JK: From a fabrication perspective, is there a challenge to maintaining the purity of a material? I’d love to hear some examples of how you strive to do as little as possible with maximum impact.

CK & MO: Our Miter series assumes that any sheet material can be applied to its construction, and there are many other pieces we have designed that use only sheet material, however, sheet materials are already heavily processed. So when we talk about purity, we are referring to the material in whatever state it was when we got our hands on it. 

Another example of this is the Shear Bench, which is prepared in much the same way as you would prepare a rough sawn wood plank for any traditional carpentry project — it is milled down, squared, and turned into a flat consistent piece of stock material; that is the final bench top. 

The legs are made from the offcuts of the same piece but sawed and mounted at an angle for structural stability. The connections are all done using a dowel and glue joint, and that’s the final piece. We didn’t even sand the faces, but the proportions, spacing of elements, and the silhouette are all very carefully considered.

JK: When you start a new project, where do you begin? 

CK & MO: We like to think of our studio as designing processes rather than objects. Objects are the end product, but the process is always where we start. We are interested in the idea of repetition and variation on simple themes; sometimes we will design a piece as a result of a new fabrication method we have discovered, and sometimes it is a material we came across that we like. In a sense, a new project is usually an opportunity or excuse to explore an idea that may already exist.

JK: Your first solo show had some stringent parameters: Everything was made by you, in your workshop, using locally sourced materials and primitive tools. Why were these limits important?

CK & MO: This approach is important to a lot of makers, it provides more control. In our case, we like the independence that it brings and the freedom of not having to rely on outsourcing. We sometimes fantasize about a Robinson Crusoe lifestyle, whereby the means are strictly defined by the tools and materials available, in a way that forces you to be more resourceful and to pay more attention to details.

JK: What draws you to the butter yellow color you’ve dubbed Mock Yellow? 

CK & MO: It can work well both as a background color and an accent color. It’s a color that, at first glance, you’re not quite sure what to make of it. It lives in the hinterland between white and yellow and has a warmth and luminescence to it; there is also a smooth, buttery, and almost edible quality about it. 

JK: Some of your pieces seem very utilitarian and practical for creatives and their studio spaces — e.g., the Background Display Cart or the Domino Shelf. Who were these designed for, and do you see Mock creating more work for designers? 
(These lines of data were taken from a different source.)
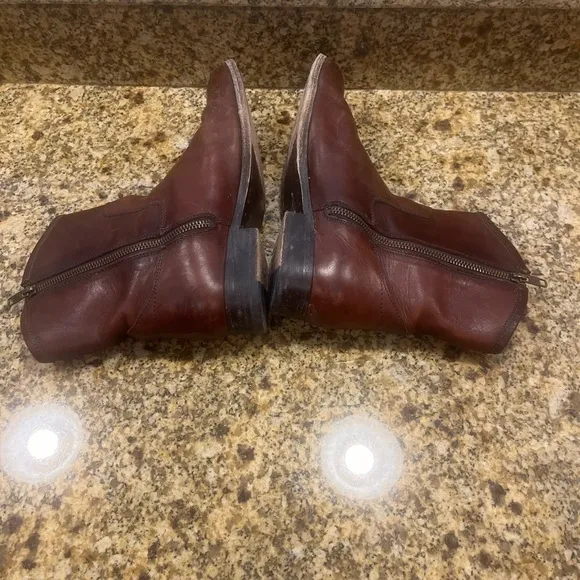 Frye short ankle boots leather zipper low heel block distressed western brown 7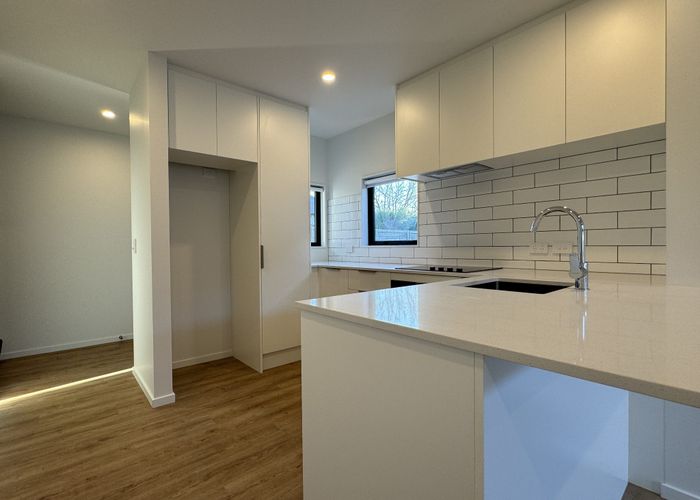  at 1/74 Jeffreys Road, Fendalton, Christchurch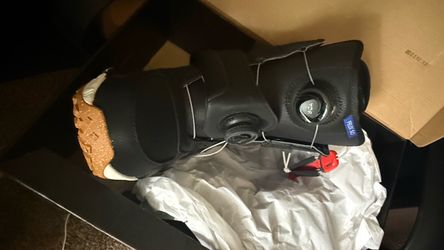 Brand-New Burton Felix Step On Snowboard Boots, Women’s 7.5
CK & MO: We really like designing for designers; the two pieces you mentioned were a commission for a photographer. However, we will design for anyone. What is important is to find common ground with whoever we are designing for, and sometimes that pushes you in a direction that you otherwise may not have gone and leads to something unexpected, and that can be a good thing.

”We sometimes fantasize about a Robinson Crusoe lifestyle, whereby the means are strictly defined by the tools and materials available, in a way that forces you to be more resourceful and to pay more attention to details.”
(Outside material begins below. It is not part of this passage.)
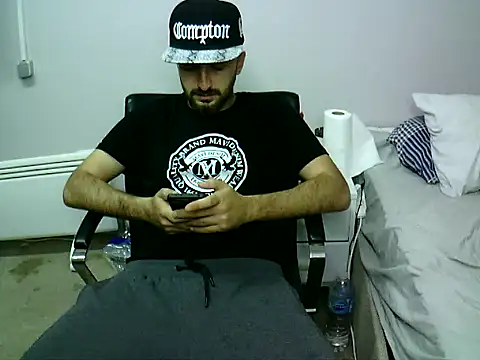 krerem online show from November 2025 02:30:02 PM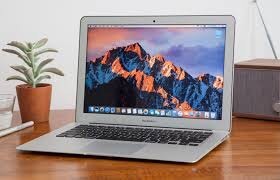 Social MacBook Air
– Christian Kotzamanis & Masha Osorio

JK: If you could fill the endless Shear Bench with your dream team, who would be sitting on it? 

CK & MO: In no particular order: Donald Judd, Dan Flavin, Dieter Rams, Benoit Lalloz, Max Lamb, and Anne Holtrop. 

JK: How do you see Mock Studios’ practice evolving in the next year or so? Where would you like it to go from here?

CK & MO: We see ourselves continuing to do more of the same and letting things take shape organically. So far, we have been focused on building prototypes that are repeatable, and they could be produced at scale with relative ease. We are currently working on our next collection, which is an evolution of our first collection and just pushes forward some of the ideas we have already been exploring.

Mock Studio is represented by MATERIA Agency.